■ WORK TO BE COMPLETED:
Would you return each entry exactly as written, omitting any pictures?
RECORDED INFORMATION section start
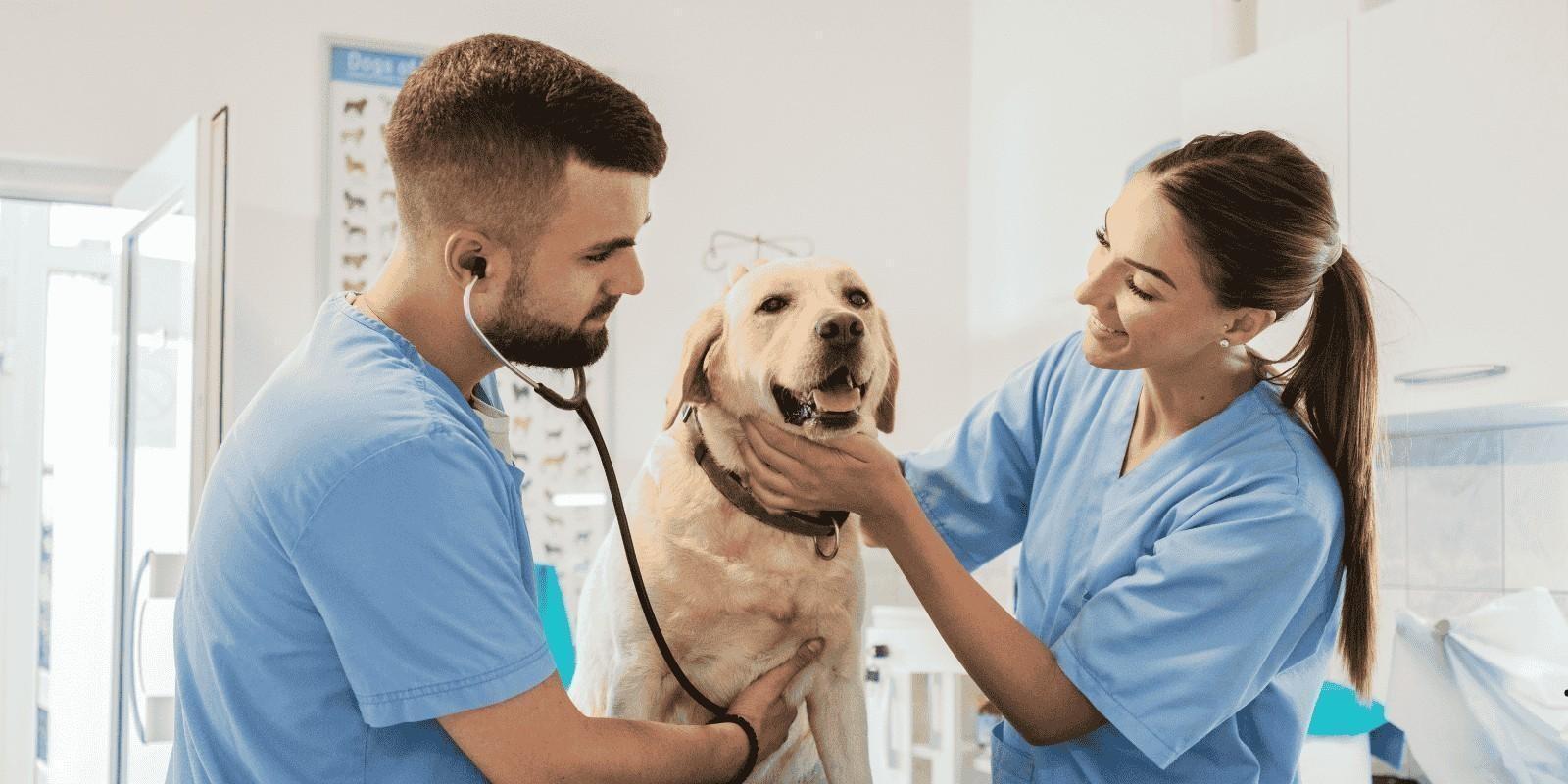 ¿Necesito seguro para mi mascota en Jacksonville? No es obligatorio, pero sí recomendable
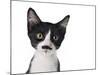 Cute Black And White Kitten With A Mustache-Hannamariah-Mounted Photographic Print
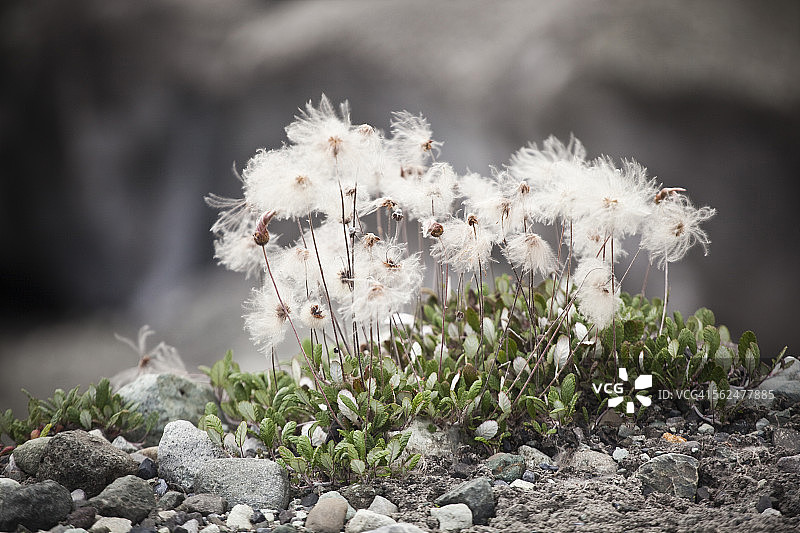 冰川边缘的开花Dryas（Dryas spp.），美国阿拉斯加图片素材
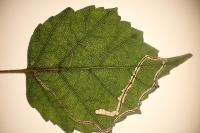 Lyonetia clerkella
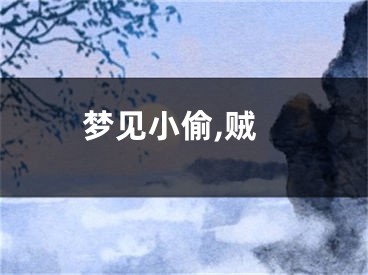 梦见小偷,贼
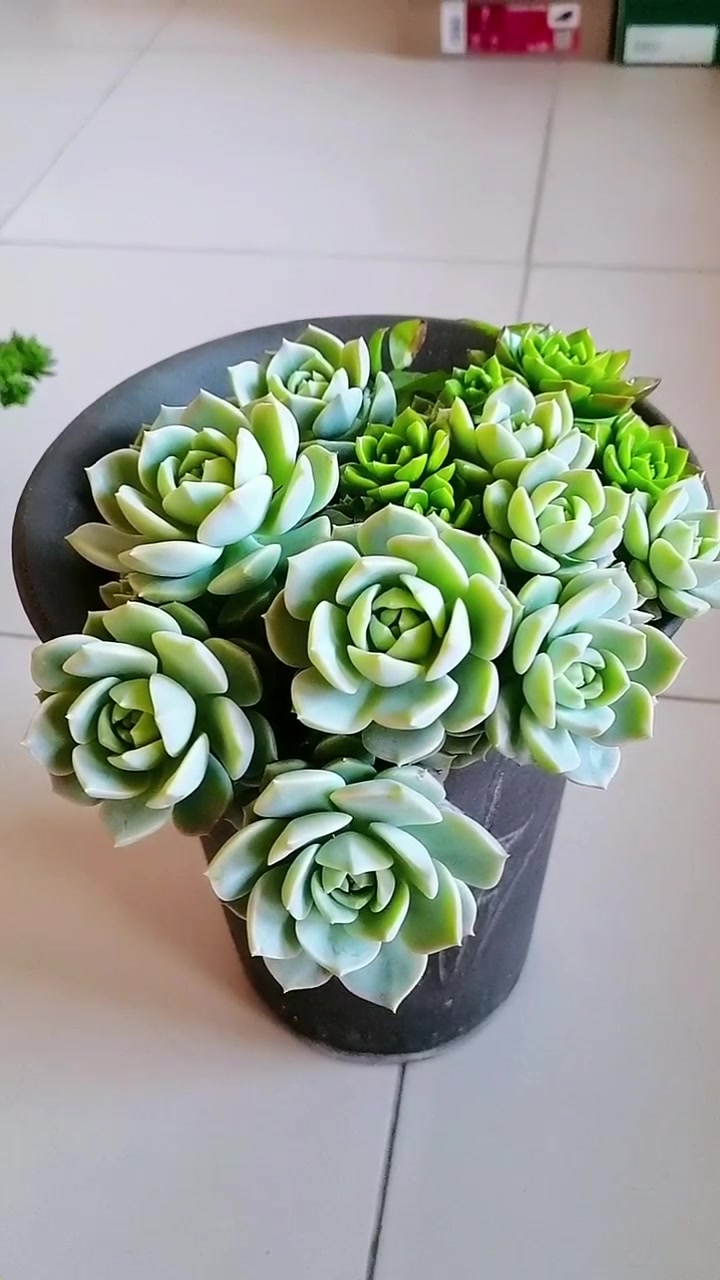 分享家庭养花小常识 多肉植物(1)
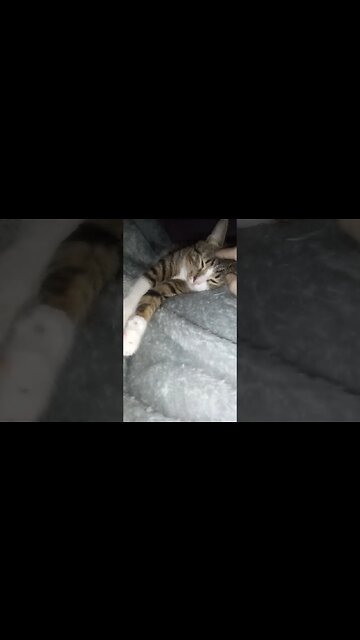 I Can Tickle the Head of This Lazy Cat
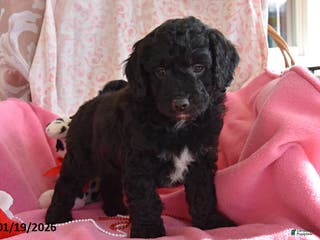 Cockapoo dogs Ned - Ad 39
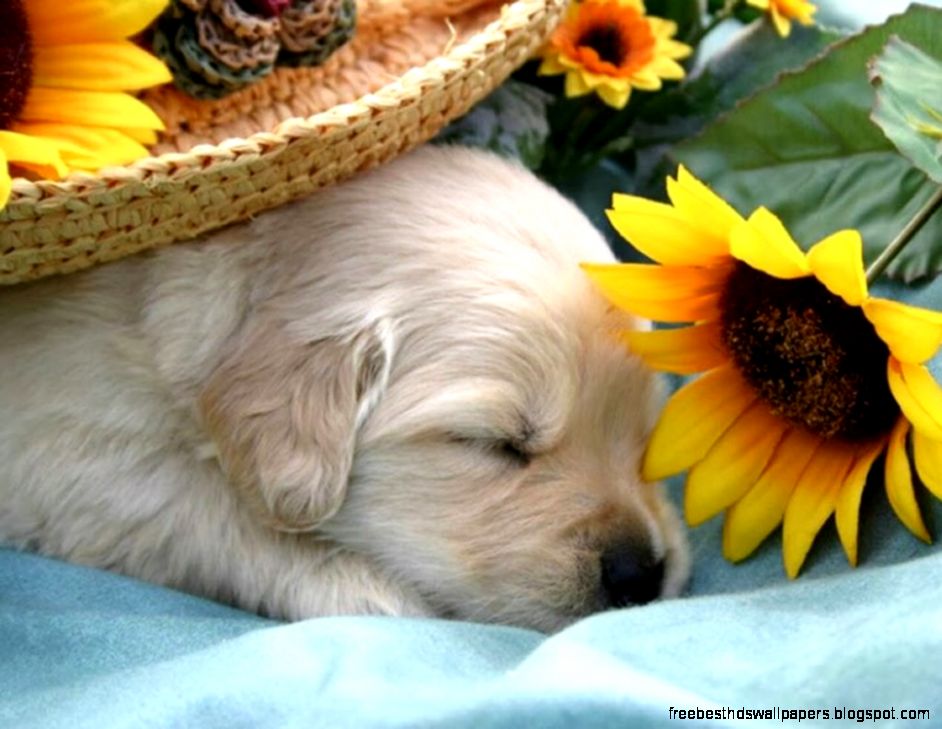 Sleeping Dog Computer Sleeping Dog Computer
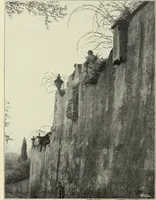 An illustration from Das moderne Landhaus : ein Beitrag zur neuen Baukunst (1905)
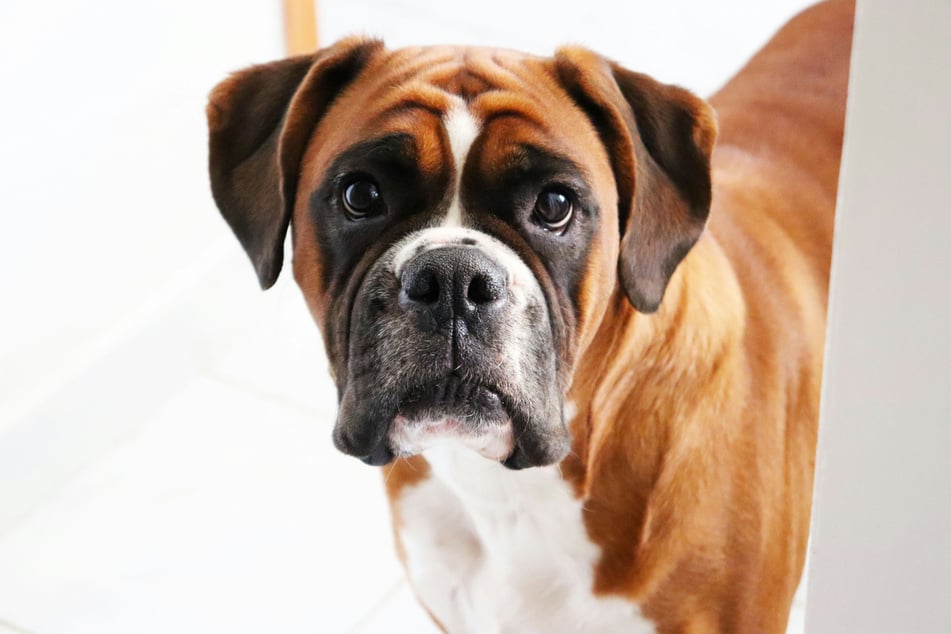 Can dogs get sick from humans?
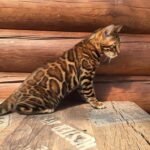 154 Loran purebred Bengal male kitten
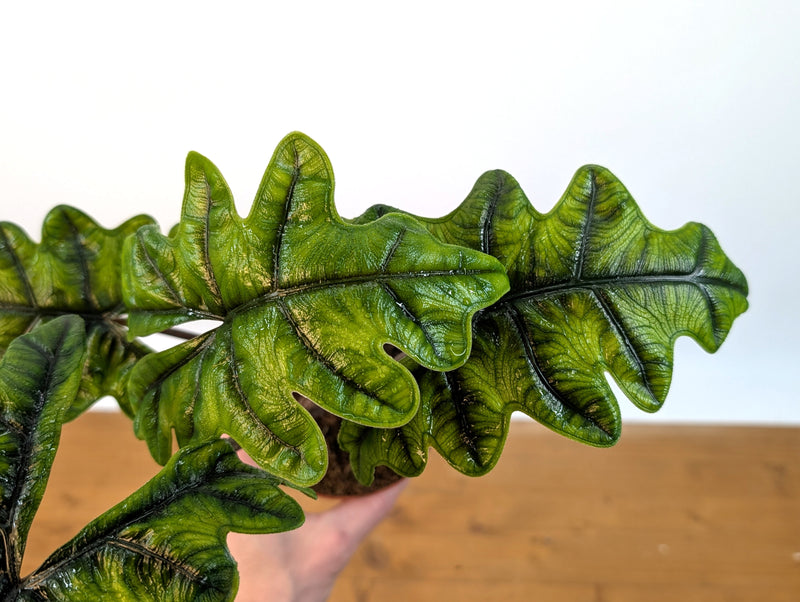 Alocasia tandurusa 'Jacklyn'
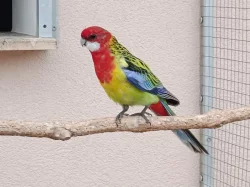 Prodám 6 kusů rosel pestrá nádherná goldmantel z 2025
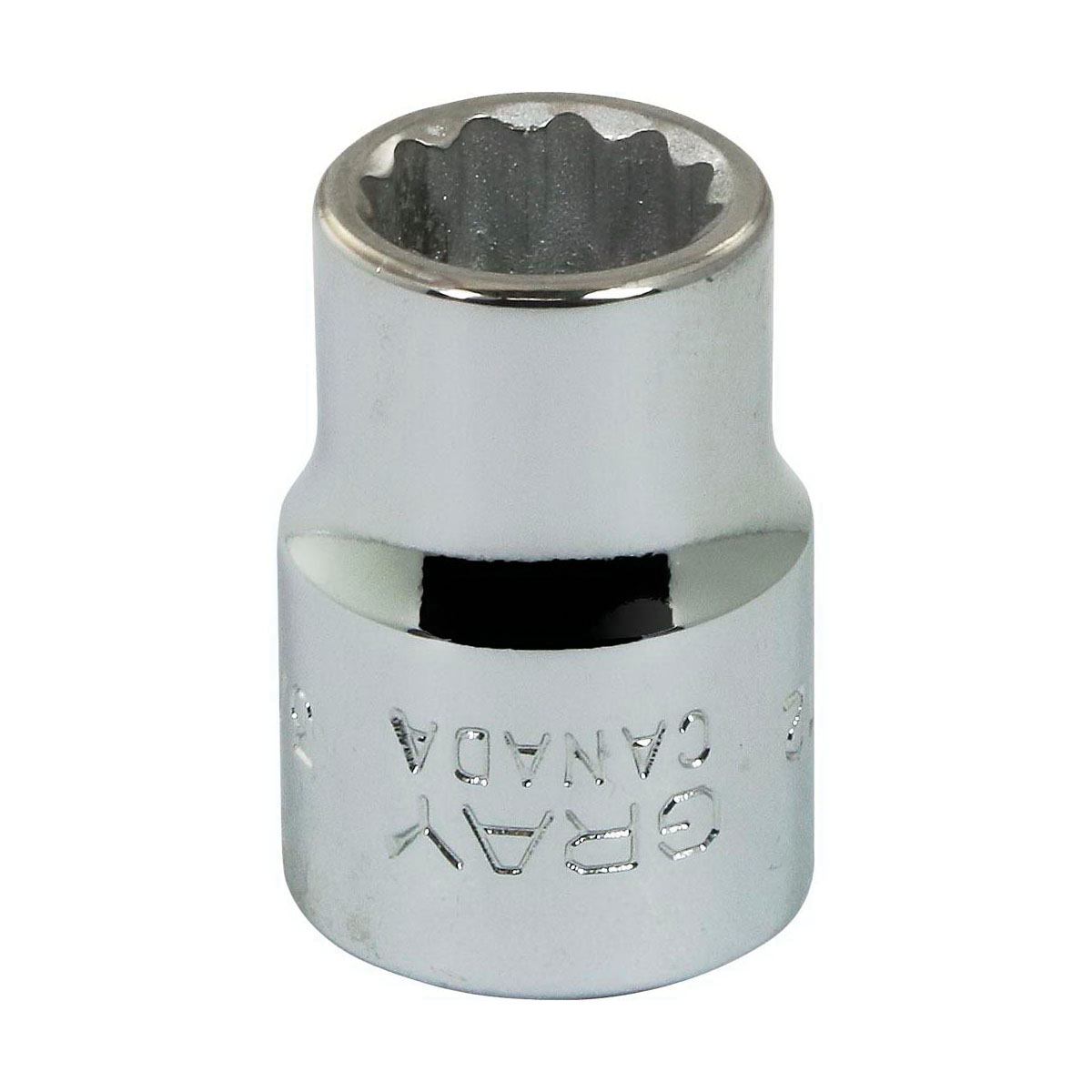 Gray Tools T12 Standard Socket, Imperial, 3/8 in, 3/8 in Hex Socket, 12 Points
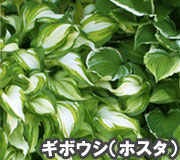 ギボウシ（ホスタ）で雑草対策の植え方ポイント～雑草対策に最適おすすめのグランドカバープランツ/グランドカバー植物10選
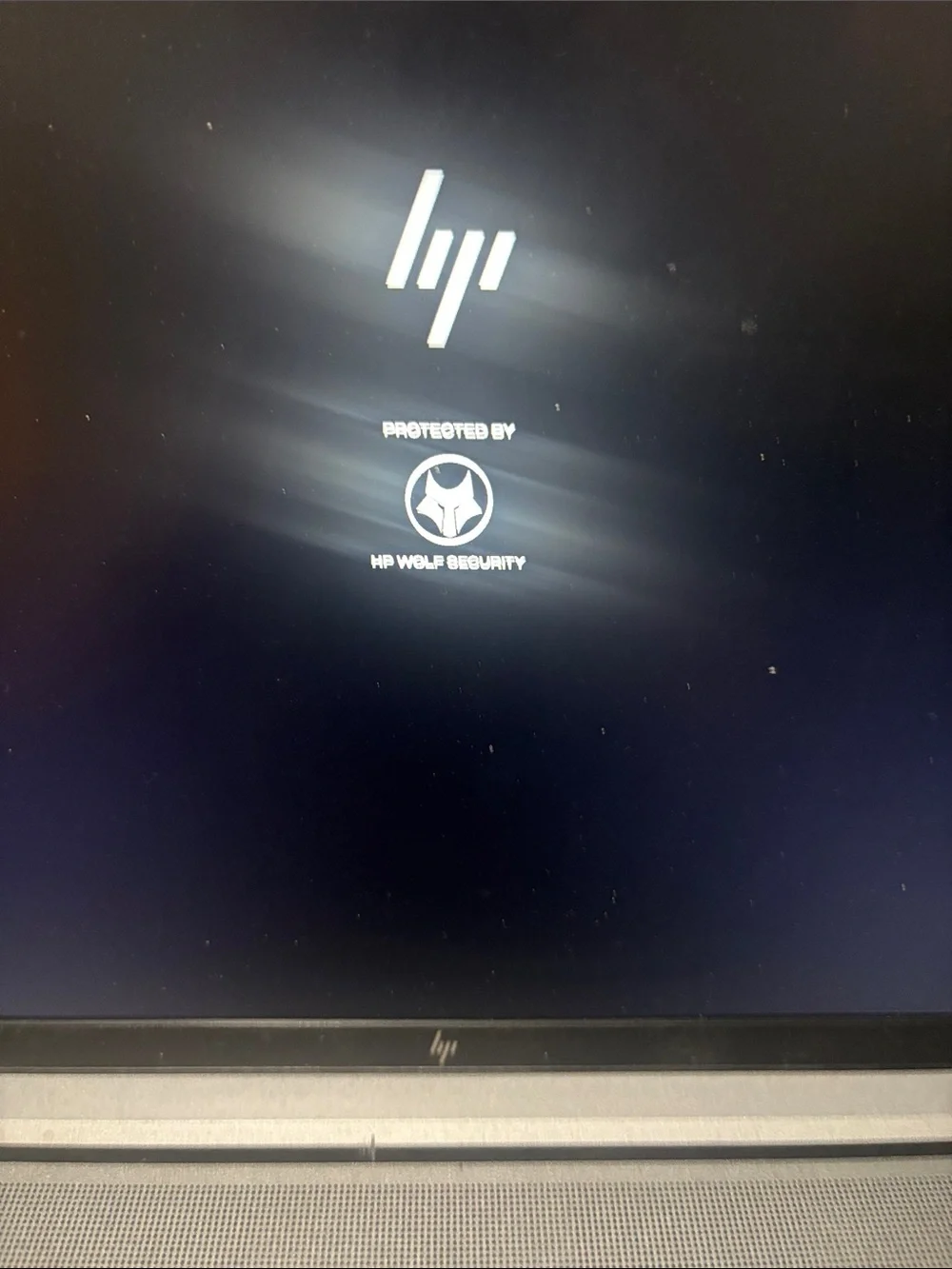 HP Laptop System Info Screen — White and Gray Interface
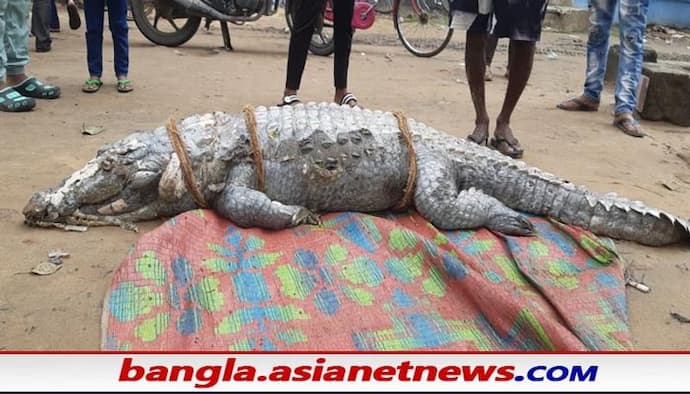 Crocodile in Hooghly: শ্রীরামপুরে গঙ্গার ঘাটে দেখা মিলল আস্ত কুমিরের, ব্যাপক চাঞ্চল্য গোটা এলাকায়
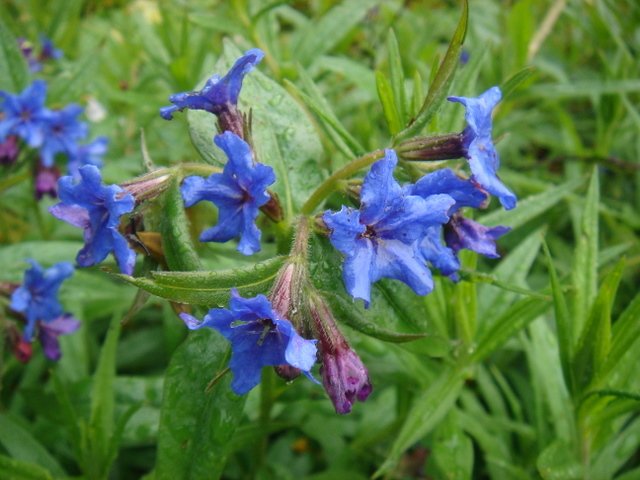 Buglossoides purpurocaerulea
RECORDED INFORMATION section end
■ SOLUTION BELOW:
 ¿Necesito seguro para mi mascota en Jacksonville? No es obligatorio, pero sí recomendable
 Cute Black And White Kitten With A Mustache-Hannamariah-Mounted Photographic Print
 冰川边缘的开花Dryas（Dryas spp.），美国阿拉斯加图片素材
 Lyonetia clerkella
 梦见小偷,贼
 分享家庭养花小常识 多肉植物(1)
 I Can Tickle the Head of This Lazy Cat
 Cockapoo dogs Ned - Ad 39
 Sleeping Dog Computer Sleeping Dog Computer
 An illustration from Das moderne Landhaus : ein Beitrag zur neuen Baukunst (1905)
 Can dogs get sick from humans?
 154 Loran purebred Bengal male kitten
 Alocasia tandurusa 'Jacklyn'
 Prodám 6 kusů rosel pestrá nádherná goldmantel z 2025
 Gray Tools T12 Standard Socket, Imperial, 3/8 in, 3/8 in Hex Socket, 12 Points
 ギボウシ（ホスタ）で雑草対策の植え方ポイント～雑草対策に最適おすすめのグランドカバープランツ/グランドカバー植物10選
 HP Laptop System Info Screen — White and Gray Interface
 Crocodile in Hooghly: শ্রীরামপুরে গঙ্গার ঘাটে দেখা মিলল আস্ত কুমিরের, ব্যাপক চাঞ্চল্য গোটা এলাকায়
 Buglossoides purpurocaerulea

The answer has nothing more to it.